Nuts often get a bad rep for their fat and high-calorie content. But if you’re avoiding walnuts because you think they may hinder your “diet”, you’ve got it all wrong. Not all calories are created equal, and the health benefits of walnuts make them worthy of a place at your table.
Best eaten raw and whole, walnuts are an excellent source of healthful fats. These omega-3 fats, and specifically alpha-linolenic, offer brain benefits confirmed in numerous studies. Paired with their potential to prevent cancer and protect the heart, walnuts pack a nutritional punch.
One study concluded:
“RESULTS: Results indicated that walnut extract, alpha-linolenic acid, and docosahexaenoic acid provided significant protection against cell death and calcium dysregulation; the effects were pretreatment concentration dependent and stressor dependent. Linoleic acid and eicosapentaenoic acid were not as effective at protecting hippocampal cells from these insults.”
But the benefits don’t stop there.
One study revealed that walnuts have potentially powerful breast cancer prevention properties. Researchers used mice specifically “created” to be at risk for breast cancer and fed one group of them a daily dose of walnuts, while the other didn’t receive any walnuts. When compared with those who didn’t get the nuts, the mice had a much lower risk of breast tumors, and when tumors were present, they were far smaller than in the control.
Just how many walnuts were required to reap this remarkable benefit? About the equivalent of 2 ounces in humans.

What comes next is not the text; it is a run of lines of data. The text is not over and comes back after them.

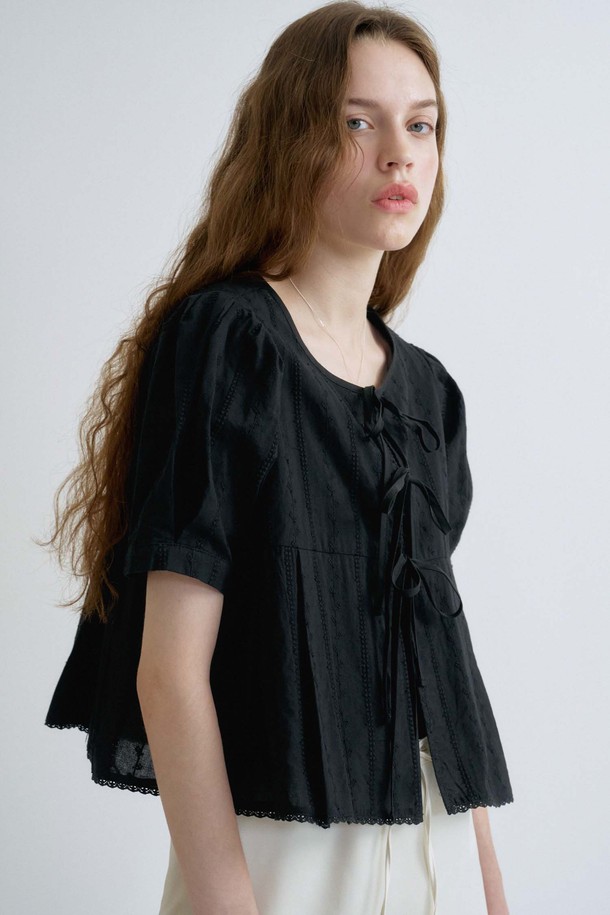 ANEDIT - 블라우스 - S Lovely Silhouette Ribbon Blouse_Black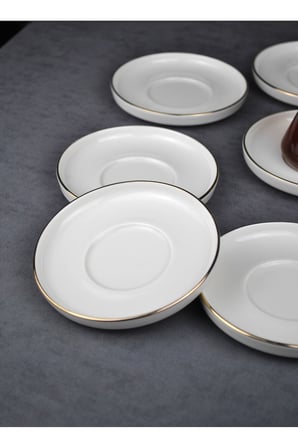 6 Kişilik Porselen Çay Tabağı Gold Yaldızlı 6 Adet Sade Modern Çay Tabak -Çizgili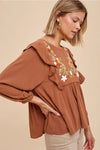 Camel Embroidered Ruffled Blouse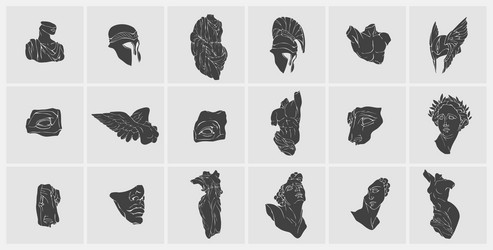 Set of logo with antique sculptures Royalty Free Vector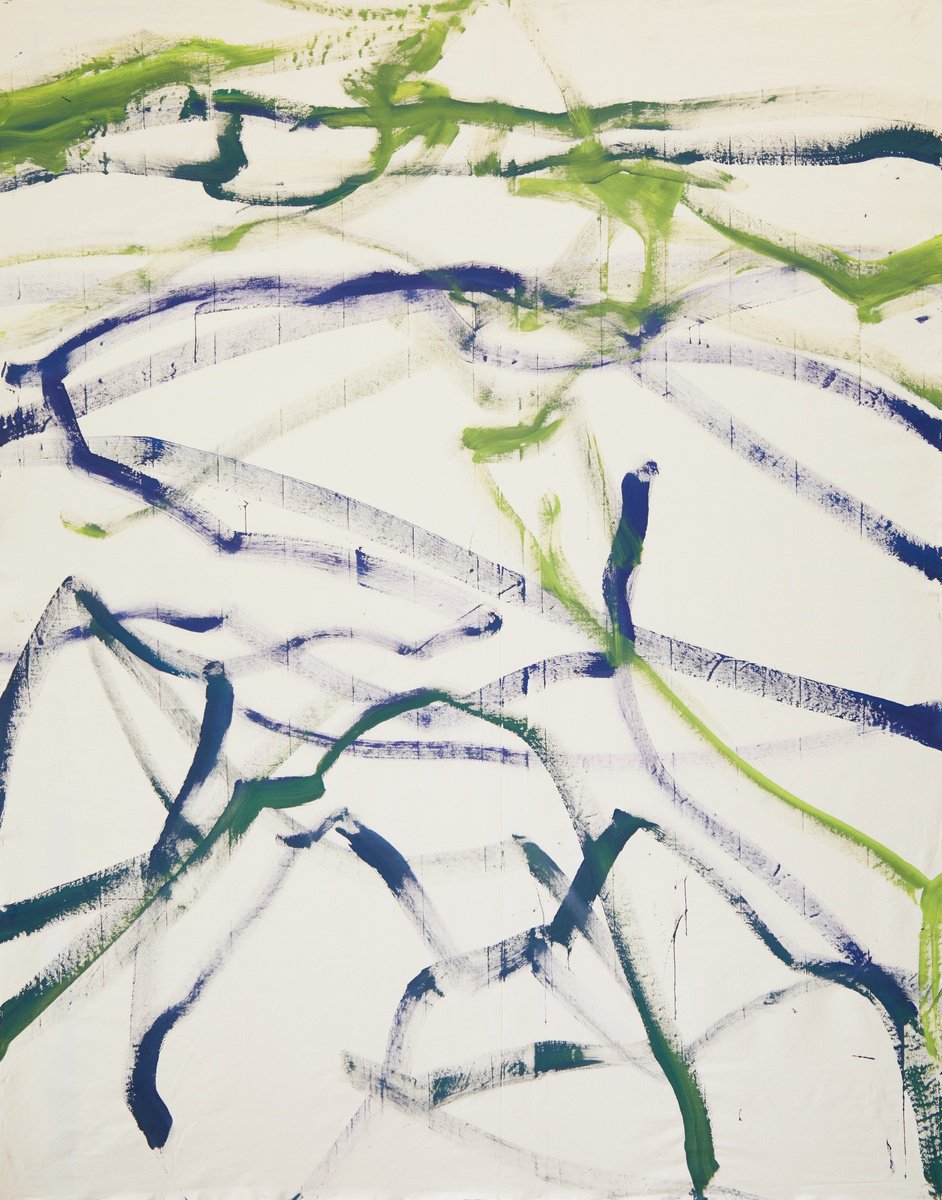 Organic Abstract Acrylic Painting By Simon Findlay, 63 X 79", Mountains / Purple Yellow, Original Artwork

“It is clear that walnuts contribute to a healthy diet that can reduce breast cancer,” said lead researcher Elaine Hardman.

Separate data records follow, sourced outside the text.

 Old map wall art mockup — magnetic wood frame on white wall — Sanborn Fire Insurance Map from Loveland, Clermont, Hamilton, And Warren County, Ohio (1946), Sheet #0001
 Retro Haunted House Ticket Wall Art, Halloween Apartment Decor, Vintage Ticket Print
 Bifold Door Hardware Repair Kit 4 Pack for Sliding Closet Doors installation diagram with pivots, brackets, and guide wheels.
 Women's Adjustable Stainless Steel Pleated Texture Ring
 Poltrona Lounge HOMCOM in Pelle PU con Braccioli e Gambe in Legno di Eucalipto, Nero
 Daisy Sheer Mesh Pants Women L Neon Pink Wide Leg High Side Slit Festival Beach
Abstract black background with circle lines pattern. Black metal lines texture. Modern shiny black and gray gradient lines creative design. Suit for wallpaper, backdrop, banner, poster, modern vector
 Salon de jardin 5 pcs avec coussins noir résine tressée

There is little coincidence that walnuts resemble tiny brains when they offer so many benefits for the mind. Some studies have linked them to a reduced risk of degenerative conditions like dementia and Alzheimer’s. One study found that rats fed walnuts for a 28-day period had learning and memory improvements when compared with other rats.
Also due to the healthful fats within, walnuts could protect you against heart problems. A study from the Journal of Nutrition indicates they are able to reduce LDL cholesterol and blood pressure.

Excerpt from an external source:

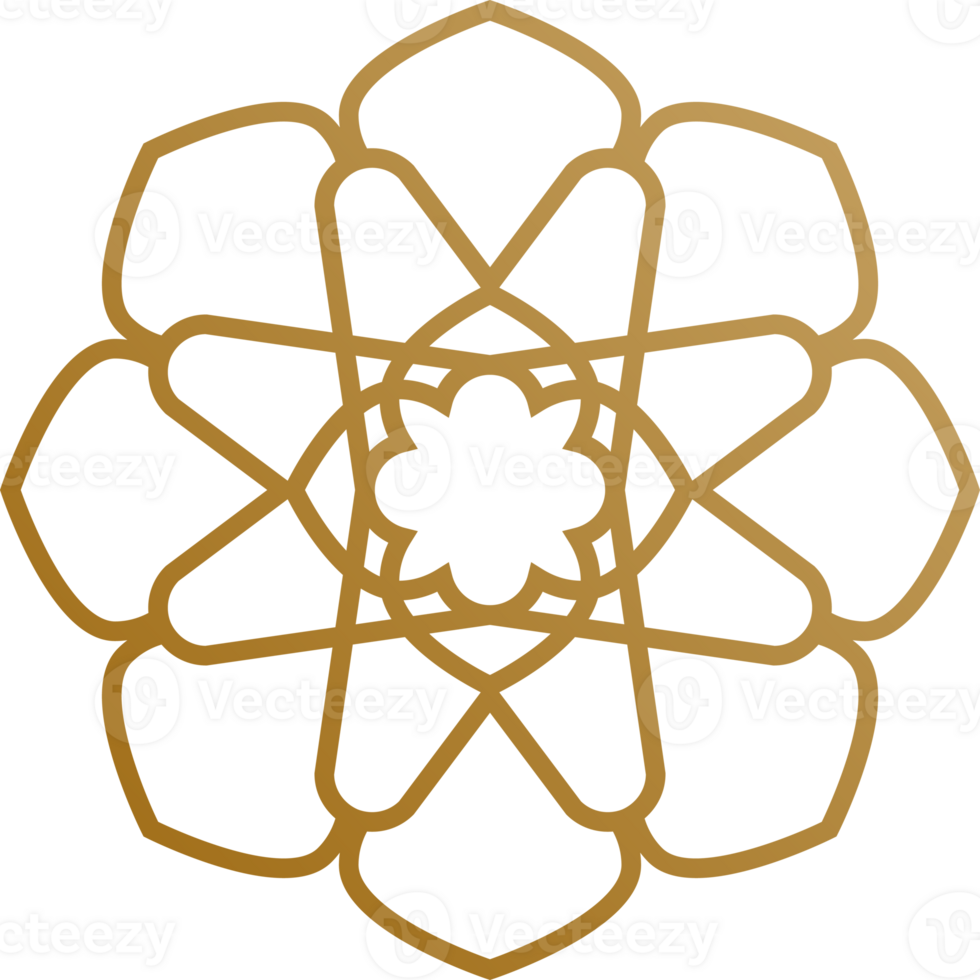 Arabic floral gold line style png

Walnuts are rich in protein, b vitamins, calcium, and iron, just to name a few. The highest concentration of these nutrients is found in the slightly-bitter skin surrounding the nut meat.
Tree nuts aren’t all that popular, however. One recent study indicates only 5.5% of American adults eat tree nuts on a regular basis. Considering all of the benefits, it’s high time the rest of us joined in.